Ketika satu jari terluka, bukan hanya jari itu yang sakit, melainkan seluruh sistem saraf mengirimkan sinyal, detak jantung mungkin meningkat, dan otak menjadi waspada. Begitu pula dengan umat Islam. Penderitaan satu Muslim di Palestina seharusnya menjadi ‘panas demam’ dan ‘susah tidur’ bagi kita semua—sebuah empati kolektif yang menuntut respons nyata, bukan sekadar kata.

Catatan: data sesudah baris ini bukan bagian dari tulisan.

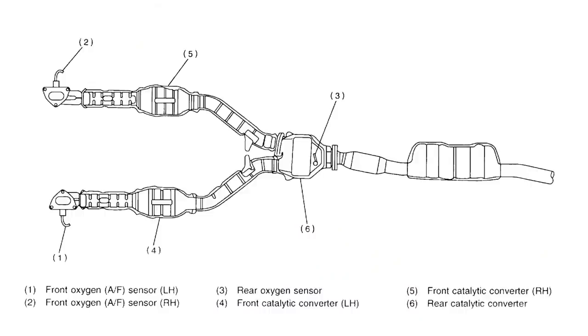You've probably heard the terms bank one, bank two, sensor one, sensor two. Bank one is normally the side of the engine that has cylinder number one; bank two is normally the opposite. Sensor one would be the front or upstream sensors, and the number two sensor would be the post-cat downstream or rear sensor. For example, the early 2000s H6 Outback had three sensors — two upstream, one in each exhaust collector for each cylinder head, and one behind the catalytic converter.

Shumuud: Api Perjuangan Bangsa Palestina
Dalam bertahan menghadapi tragedi kemanusiaan ini, bangsa Palestina telah mengajarkan dunia arti shumuud —keteguhan yang luar biasa. Kata shumuud ( ُصُمُوْد) dalam bahasa Arab berarti kegigihan. Namun, dalam konteks Palestina, maknanya jauh lebih dalam. Shumuud bukanlah sekadar bertahan pasif, melainkan sebuah perlawanan aktif melalui eksistensi.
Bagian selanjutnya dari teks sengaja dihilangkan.